Hołd Benedykta XVI dla Kardynała Maestro
Muzyka sakralna rodzi się z wiary i potrafi tę wiarę wyrazić oraz przekazać. Sprzyja ona modlitwie i medytacji, dając nam przedsmak harmonii nieba - mówił Benedykt XVI na zakończenie wieczornego koncertu muzyki poważnej w Castelgandolfo.
- Kardynała Maestra Bartolucciego nie potrzeba przedstawiać. Chcę tylko zwrócić uwagę na trzy aspekty jego życia, które, obok florenckiego temperamentu, najbardziej go charakteryzują. Są to wiara, kapłaństwo i muzyka.
Wiara jest światłem, które zawsze nadawało kierunek jego życiu, otworzyło jego serce, by wielkodusznie odpowiedzieć na głos powołania.

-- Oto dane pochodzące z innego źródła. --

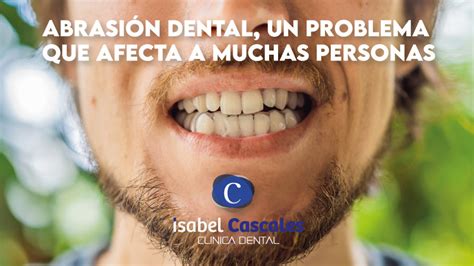 Abrasión Dental Un Problema Muy Común En Nuestros Días Clinica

To również z wiary wypływa styl jego kompozycji. Muzyka zaś stała się dla niego językiem, którym najchętniej przekazywał wiarę Kościoła i pomagał wzrastać w wierze tym, którzy słuchali jego kompozycji. To również poprzez muzykę realizował swe kapłańskie powołanie - powiedział Benedykt XVI.
Dodajmy, że 94-letni kard. Bartolucci to postać niemal legendarna. Na dyrektora chóru Kaplicy Sykstyńskiej został mianowany dożywotnio jeszcze przez Piusa XII. Później spierał się z twórcami reformy liturgicznej oraz sprzeciwiał się kontrowersyjnym nurtom nowej muzyki sakralnej. W 1997 r. odsunięto go od kierownictwa watykańskim chórem. W ubiegłym roku Benedykt XVI włączył go do Kolegium Kardynalskiego.